Talks with Ramana:
Q: What is this mind?
R: Mind is one form of manifestation of life. A block of wood or a subtle machine is not called mind. The vital force manifests as life-activity and also as the conscious phenomena known as the mind.
Q: What is the relation between mind and object? Is the mind contacting something different from it, viz., the world?
R: The world is ‘sensed’ in the waking and the dream states or is the object of perception and thought, both being mental activities. If there were no such activities as waking and dreaming thought, there would be no ‘perception’ or inference of a ‘world’. In sleep there is no such activity and ‘objects and world’ do not exist for us in sleep.
Hence ‘reality of the world’ may be created by the ego by its act of emergence from sleep; and that reality may be swallowed up or disappear by the soul resuming its nature in sleep. The emergence and disappearance of the world are like the spider producing a gossamer web and then withdrawing it.
The spider here underlies all the three states – waking, dreaming, and sleep; such a spider in the person is called Atman (Self), whereas the same with reference to the world (which is considered to issue from the sun) is called Brahman (Supreme Spirit). He that is in man is the same as He that is in the sun.
(Sa yaschayam purushe yaschasavaditye sa ekah).
While Self or Spirit is unmanifest and inactive, there are no relative doubles; e.g., subject and object – drik and drisya. If the enquiry into the ultimate cause of manifestation of mind itself is pushed on, mind will be found to be only the manifestation of the Real which is otherwise called Atman or Brahman. The mind is termed sukshma sarira or ‘subtle-body’; and jiva is the individual soul. The jiva is the essence of the growth of individuality; personality is referred to as jiva. Thought or mind is said to be its phase, or one of the ways in which the jiva manifests itself – the earlier stage or phase of such manifestation being vegetative life. This mind is always seen as being related to, or acting on, some non-mind or matter, and never by itself. Therefore mind and matter co-exist.
‘Sa yaschayam Purushe yascha savaditye, Sa ekah.’
Sa yaschayam Purushe. Yascha asau aditye. Sa ekaha.
What is shining there as a lustrous sun in the distant skies,
and what is within us twinkling as the Atman, they are identical.
He that is in man is the same as He that is in the sun.
[Purusha: the cosmic man or Self.
Aditya: in the singular, is taken to refer to the Sun God, Surya.
Ekaha: the Supreme Spirit]
Q: How shall we discover the nature of the mind i.e., its ultimate cause, or the noumenon of which it is a manifestation?
R: Arranging thoughts in the order of value, the ‘I’ thought is the all-important thought. Personality-idea or thought is also the root or the stem of all other thoughts, since each idea or thought arises only as someone’s thought and is not known to exist independently of the ego. The ego therefore exhibits thought-activity. The second and the third persons do not appear except to the first person.

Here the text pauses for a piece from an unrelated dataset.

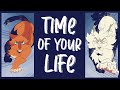 Time of your life  fireheart  whitestorm pmv commission cw blood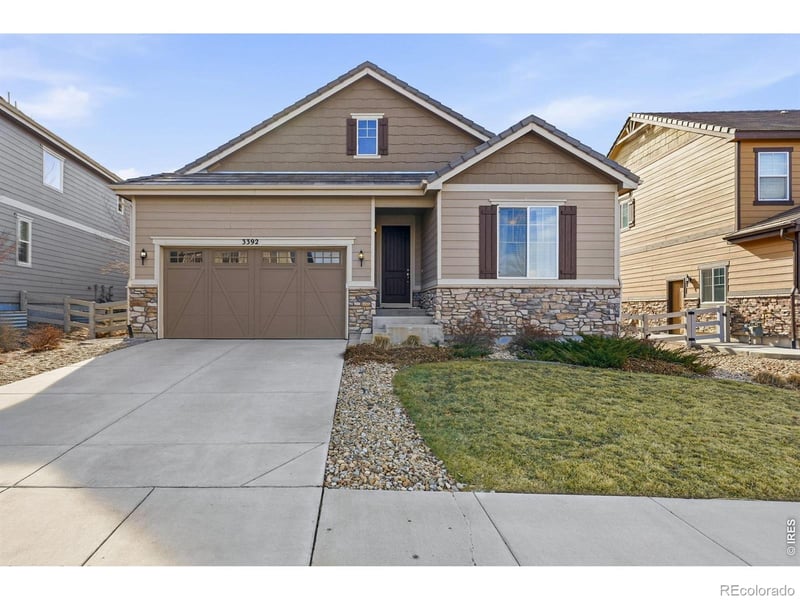 3392 Harvard Pl, Broomfield, CO 80023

Therefore they arise only after the first person appears, so all the three persons seem to rise and sink together.
Trace, then, the ultimate cause of ‘I’ or personality. The ‘I’ idea arises to an embodied ego and should be related to a body or organism. Has it a location in the body or a special relation to any particular spot, as speech which has its centre in the brain or attentiveness in the brain? Similarly, has ‘I’ got any centre in the brain, blood, or viscera?
Thought-life is seen to centre round the brain and the spinal-cord which in turn are fed by the blood circulating in them, carrying food and air duly mixed up which are transformed into nerve matter. Thus, vegetative life – including circulation, respiration, alimentation, etc. – or vital force, is said to be (or reside in) the core or essence of the organism. Thus the mind may be regarded as the manifestation of vital force which again may be conceived as residing the Heart.